My cousins and uncle trap and hunt fox all the time. Both are more of an art than anything...(Calling and baiting traps that is). They send the fur to some company that makes stuff out of it. That's just not my thing though; I only kill stuff I want to eat, or stuff that wants to kill me 8)


----------



## FishinsMyLife (Apr 12, 2008)

I just let him go after the pictures. There are less and less foxes around here. The only time you usually see one is when it dead by a road after the woods where it lived were developed. Fortunately for the foxes close to me, there are about 200 acres of undevelopable swampy woods. I doubt this fox goes there as it is a mile or so away from where I caught it, and it would have to go through a row of houses and a road, but I guess it could easily cover that distance at night. When I fished in a pond near the swampland, I saw two foxes at once a couple times.

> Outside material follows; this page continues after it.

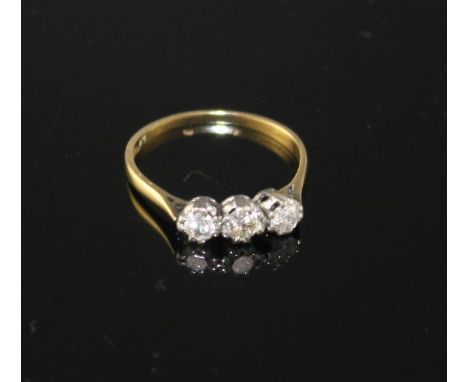 An 18ct and Plat, three stone diamond ring, size P, gross weight 1.8 grams, total diamond weight approximately estimated as 0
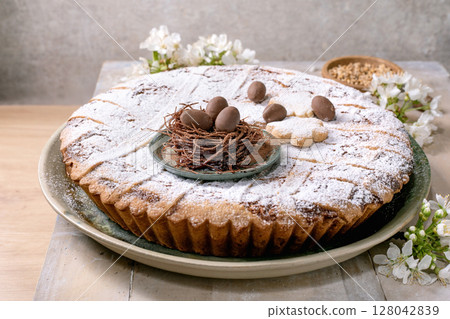 Easter Tart Pastiera Napolitano with Chocolate Nest Decoration 128042839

Coyotes on the other hand, are multiplying fast and are becoming a nuisance. They get in people's trash a lot now and kill pets. Foxes might do some of that, but just wouldn't want to kill one. This is the first time I had seen a gray fox up close. I saw a red fox when I was going fishing early one morning at our private pond years ago. It was a pretty rare occurrence to see a fox then, and even more so now.


----------



## ky_madman (May 22, 2008)

Actually, fox are adapting to more developed areas as the coyote has displaced them throughout most of their range. More so with red fox, than grey fox. I do quite a bit of trapping in the fall and man those greys are fiesty little fellas. Great catch.


----------



## Jim (May 22, 2008)

ky_madman said:


> Actually, fox are adapting to more developed areas as the coyote has displaced them throughout most of their range. More so with red fox, than grey fox. I do quite a bit of trapping in the fall and man those greys are fiesty little fellas. Great catch.



Make sure you post some pics of the trapping if you do some this year! :beer:


----------



## switchback (May 29, 2008)

that's awesome! 

A few years ago I was hunting behind a lil brush blind and had a grey fox come right around the front of the blind and in from the side and had his nose at the tip of my boot. I had to raise my hand to run him off. He never knew I was there. I didn't shoot him because I had seen him on 2 other occassions in 2 different areas and me and my buddies had said if we saw him we would leave him alone. 

I have also had a white coyote come within 30 yards of the same blind.


----------